The MPP made no attempt to defend any of the goings-on.  While the government has since promised transitional funding for municipal drains, he said the system did not require fixing in the first place.  “The government has to support something that wasn’t broken,”  he declared.

Conservative MP Guy Lauzon and Ontario Federation of Agriculture vice president Geri Kamenz, a former grade-school student of Brownell’s, were among the other notables on hand for the meeting in Chesterville.

Kamenz, a Liberal whose Spencerville-area farm once hosted a Jean Chretien media event, was categorical in his condemnation of the McGuinty government.  “I say this as a Liberal.  I think we’re living a real tragedy,” said Kamenz, directing his comments to Brownell when the floor was opened to questions.

“We meet regularly with the Minister of Agriculture and the Minister of the Environment (Leona Dombrowsky), but then all of a sudden come these announcements.”

OFA grew so concerned with the apparent disconnect, he said, it took the unusual step of hiring a Toronto lobbying firm to understand what was really happening at Queen’s Park.

The lobbyist suggested that “Dalton McGuinty really admired Mike Harris” and his penchant for centralizing decisions in the premier’s office, he said.  “We’re led to believe Dalton McGuinty has taken the same approach,” he added, describing the current premier as a “student of Mike Harris.”

Brownell suggested the budget should have treated agriculture as a third priority, after health care and education.


The cuts to agriculture were made on high, with the agriculture minister “told it was coming,” he said.

The tragedy, he suggested, is that MPPs with the solutions are being ignored.  “I don’t think the premier is listening.”  With the government’s one-year anniversary approaching, he expressed hoped [sic] that McGuinty would reassess things and “realize the answers are right around him.”

He added to Brownell, “I feel sorry for you.  This is all coming right from the top.”

The MPP replied that his greatest disappointment of the term was that a promised forum involving the premier and all agricultural stakeholders – a part of the Liberal’s election platform – had yet to happen.

Brownell also brought news that the compliance date for large existing farms under the Nutrient Management will be pushed back to December 31, 2005 – if they apply for funding no later than sometime later this month.
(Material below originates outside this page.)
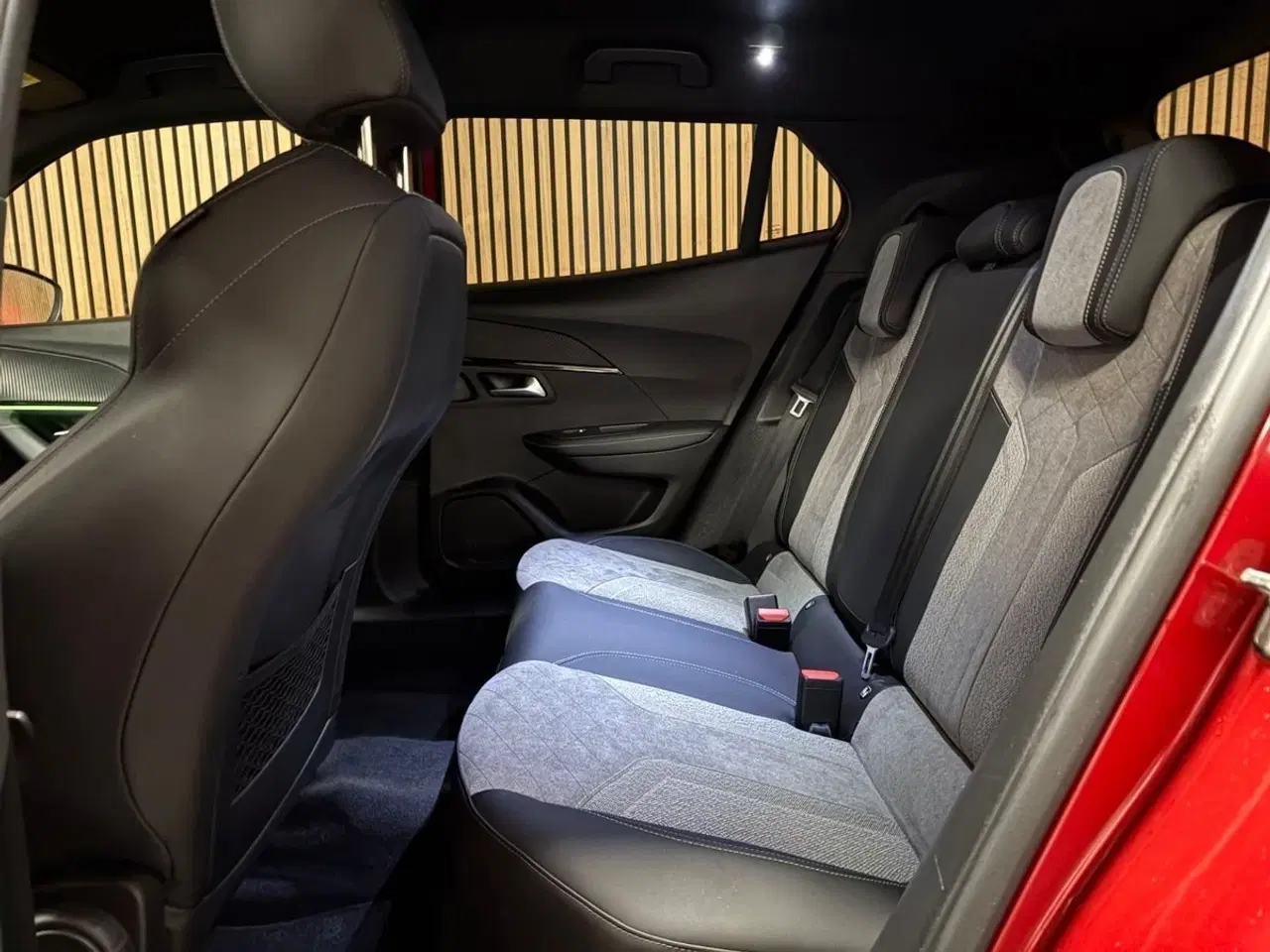 Billede 8 - Peugeot e-2008 50 GT Pack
He blamed the Nutrient Management Act regulations squarely on the actions of two municipal employees in Walkerton.  “It took two negligent individuals to create havoc in Ontario, and we see the results.”  He also expressed grave concern about the impact of water treatment requirements being foisted upon rural churches, corner stores and recreational facilities by the government.

Regarding the ongoing BSE crisis, he suggested his urban counterparts really weren’t getting it.  A June 16 BSE awareness barbecue on the lawn at Queen’s Park “was a purposeful and useful event,” drawing a long lineup of politicians eager to snag a burger.  “But nothing else happened.  There was no great groundswell,” he added, sounding frustrated.  “The message went out, but there was no action.”

Greatly outnumbered, “the rural members are struggling at Queen’s Park,” he said.  “The people who make policy in the ivory towers and the MPPs from urban areas are a massive group.”

He advised his listeners to assist him with making an impact behind government lines – by giving him written correspondence outlining their concerns.  Hard copy is more effective than a verbal message when dealing with a minister or their staff, he said.

Arden Schneckenburger told Brownell that he and his colleagues should have seen the rural cuts coming after the May budget. “You knew from that budget that there was going to be a 10 percent cut to OMAF.  I’m surprised the rural MPPs were caught off guard.”

Brownell suggested the budget should have treated agriculture as a third priority, after health care and education.  But that idea met with umbrage from Morrisburg-area beef farmer Ron Wilson.  “Agriculture should be number one,” said Wilson.